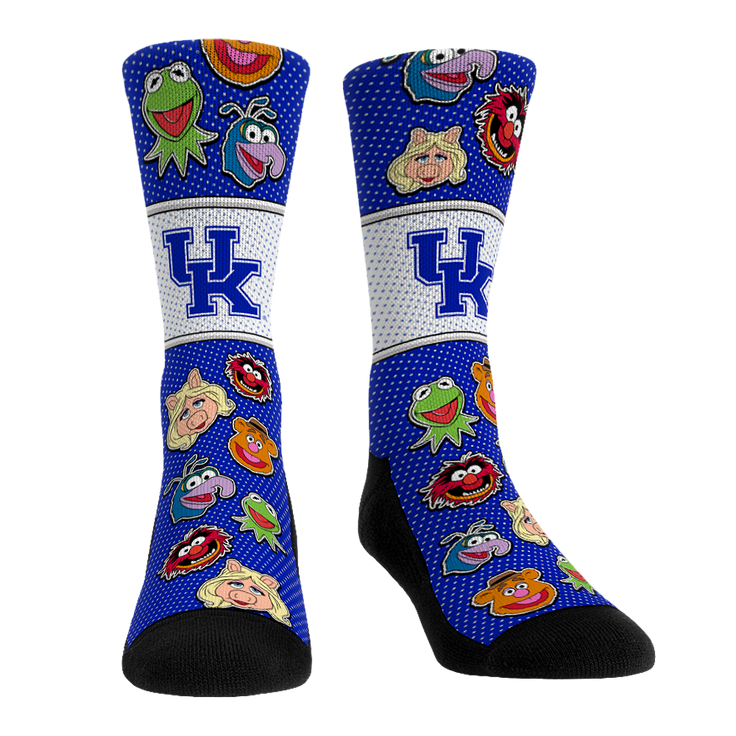 Kentucky Wildcats - Muppet Mayhem (NCAA x The Muppets)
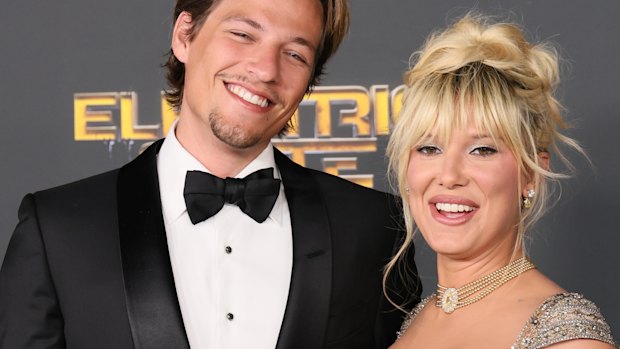 Millie Bobby Brown and Jake Bongiovi welcome first child via adoption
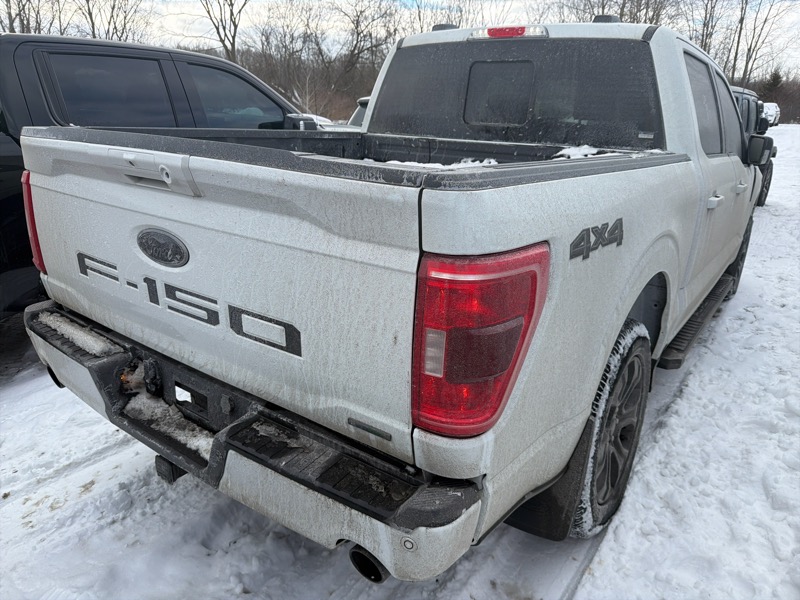 Ford F-150 XLT SuperCrew 5.5-ft. Bed 4WD 2023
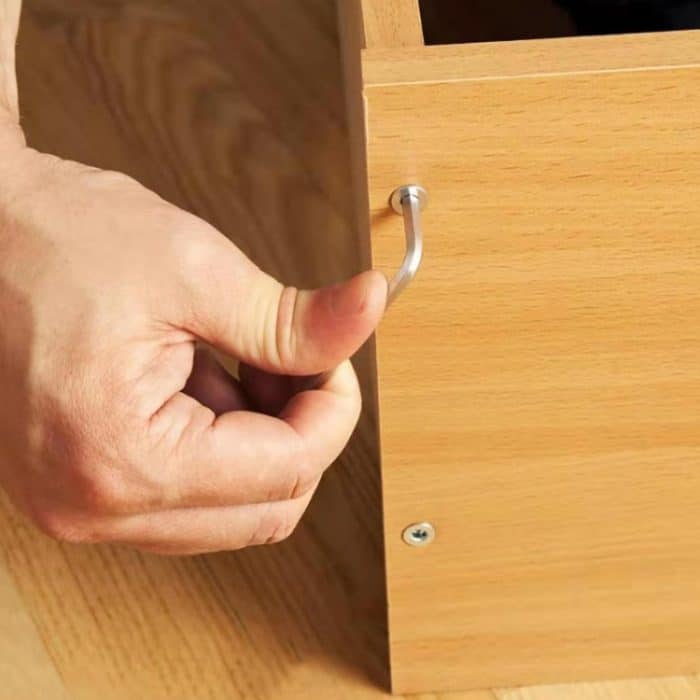 M2/M3/M4/M5 Flachkopf-Innensechskantschrauben, Dichtungsringsatz, 940 PCS/Set – Bild 5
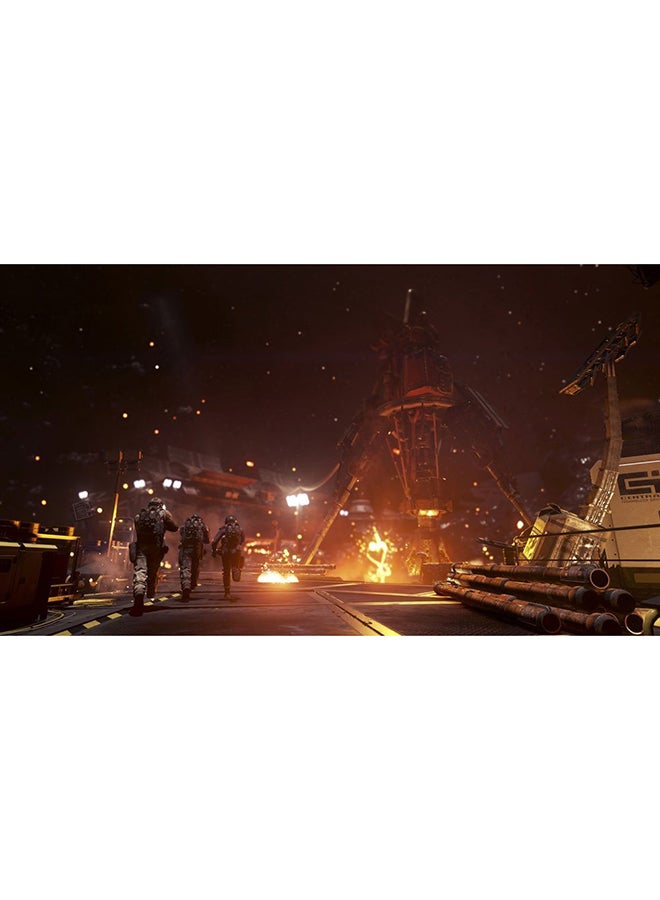 Activision - Call of Duty: Infinite Warfare (Intl Version) - Action & Shooter - PlayStation 4 (PS4) - Image 1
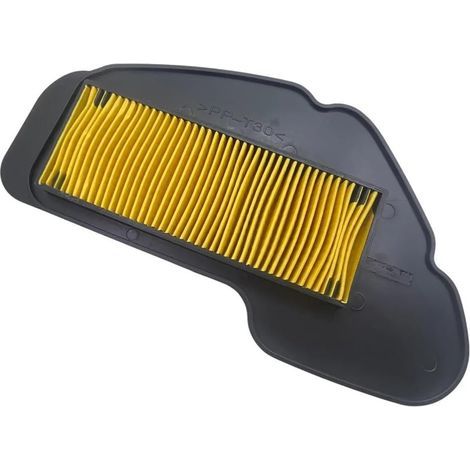 Motorrad-Kraftstofffilter und Luftfilter — Kombinationseinheit — Rollermotorteile — Ersatzteile für ZR50 EVO2 / VINO50 (5VL-E4450-02) (1/3)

================

▶ **GOAL OF THE EXERCISE**: The lines from the one containing "Ford F-150 XLT" to the final line of the material, both ends included, should be retyped exactly and alone, with no pictures.

▶ **YOUR RESPONSE**:
 Ford F-150 XLT SuperCrew 5.5-ft. Bed 4WD 2023
 M2/M3/M4/M5 Flachkopf-Innensechskantschrauben, Dichtungsringsatz, 940 PCS/Set – Bild 5
 Activision - Call of Duty: Infinite Warfare (Intl Version) - Action & Shooter - PlayStation 4 (PS4) - Image 1
 Motorrad-Kraftstofffilter und Luftfilter — Kombinationseinheit — Rollermotorteile — Ersatzteile für ZR50 EVO2 / VINO50 (5VL-E4450-02) (1/3)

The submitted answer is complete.